John Donne was best known as the pre-eminent representative of metaphysical poetry. He was an English scholar, poet, secretary, and soldier. He was appointed as Dean of St Paul's Cathedral in London. John Donne was also considered as the revival of the Catholic Church, born in 1572 in England. His famous works are his love and divine poems. Some of them are 'Go and Catch a Falling Star', The Sun RisingThou hast made me, shall thy work decay? and The Good Morrow.

The term metaphysical is associated with freshness, elaborate similes, and metaphors extended poetic conceits and paradoxes, colloquial speech, and an interest in exploring the interplay between the physical and spiritual world. Metaphysical poetry is often characterized by the energy of its narrative voices. Questions – or interrogatives – are devices that Donne effectively uses to deliver these attributes.

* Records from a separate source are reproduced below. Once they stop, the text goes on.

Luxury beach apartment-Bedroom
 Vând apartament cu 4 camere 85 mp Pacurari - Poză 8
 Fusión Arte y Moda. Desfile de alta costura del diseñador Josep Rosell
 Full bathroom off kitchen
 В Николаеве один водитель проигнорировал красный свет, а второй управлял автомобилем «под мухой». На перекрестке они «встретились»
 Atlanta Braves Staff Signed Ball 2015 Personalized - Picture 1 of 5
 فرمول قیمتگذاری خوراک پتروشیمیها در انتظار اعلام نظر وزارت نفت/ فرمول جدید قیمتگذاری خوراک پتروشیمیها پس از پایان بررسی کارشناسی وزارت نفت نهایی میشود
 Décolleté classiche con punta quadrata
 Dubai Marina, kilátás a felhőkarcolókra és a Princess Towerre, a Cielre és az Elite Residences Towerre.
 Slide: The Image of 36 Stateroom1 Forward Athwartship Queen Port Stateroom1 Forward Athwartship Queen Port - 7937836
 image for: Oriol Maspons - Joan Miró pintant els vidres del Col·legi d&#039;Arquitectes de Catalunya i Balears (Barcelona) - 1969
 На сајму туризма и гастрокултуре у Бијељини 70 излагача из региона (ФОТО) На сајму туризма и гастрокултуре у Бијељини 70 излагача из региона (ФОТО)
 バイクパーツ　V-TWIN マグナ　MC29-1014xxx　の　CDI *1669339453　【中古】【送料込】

The 18th-century essayist, critic, and lexicographer Samuel Johnson criticized metaphysical poetry by his cleverness and skillful arts.  Others such as the poet T S Eliot have dedicated their inventiveness.


By the dint of the influence of Neo-Platonism, they appealed more to the intellect than to the senses; therefore, critics like Samuel Johnson rejected them as successful poets. Samuel Johnson rejected metaphysical poetry in these words. “Sometimes admires, is seldom pleased”. He tagged this poetry as “the most heterogeneous ideas are yoked by violence together; nature and art are ransacked for illustrations, comparisons, and allusions."


The term metaphysical poets, used by Samuel Johnson; an essayist of the eighteenth century for the first time. The loosely associated group also includes George Herbert, Richard Crashaw, Andrew Marvell, and John Cleveland. The Metaphysical Poets are known for their ability to startle the reader and coax a new perspective through paradoxical images, subtle argument, inventive syntax, and imagery from art, philosophy, and religion using an extended metaphor known as a conceit. Donne reached beyond the rational and hierarchical structures of the seventeenth century with his exacting and ingenious conceits, advancing the exploratory spirit of his time.


As Samuel Johnson said that "in John Donne's poetry heterogeneous ideas are yoked by violence together." He meant that Donne does not talk about one thing in sequence. He talks about different things or ideas at a time. His poems include ideas from love, science, literature, and philosophy. In his poetry, extreme ideas are brought together. For instance, comparing a lover to a pair of the compass. 

Love and lover are usually compared to roses, moon, etc. The whole idea of bringing together an object of geometry in the domain of love is dominant in Donne's poetry. In very simple words, he meant that two or more entirely different hyperboles are combined in a way to convey the idea effectively.

A group of scholars believes that he took ideas from different poets, mixed them to form a new one.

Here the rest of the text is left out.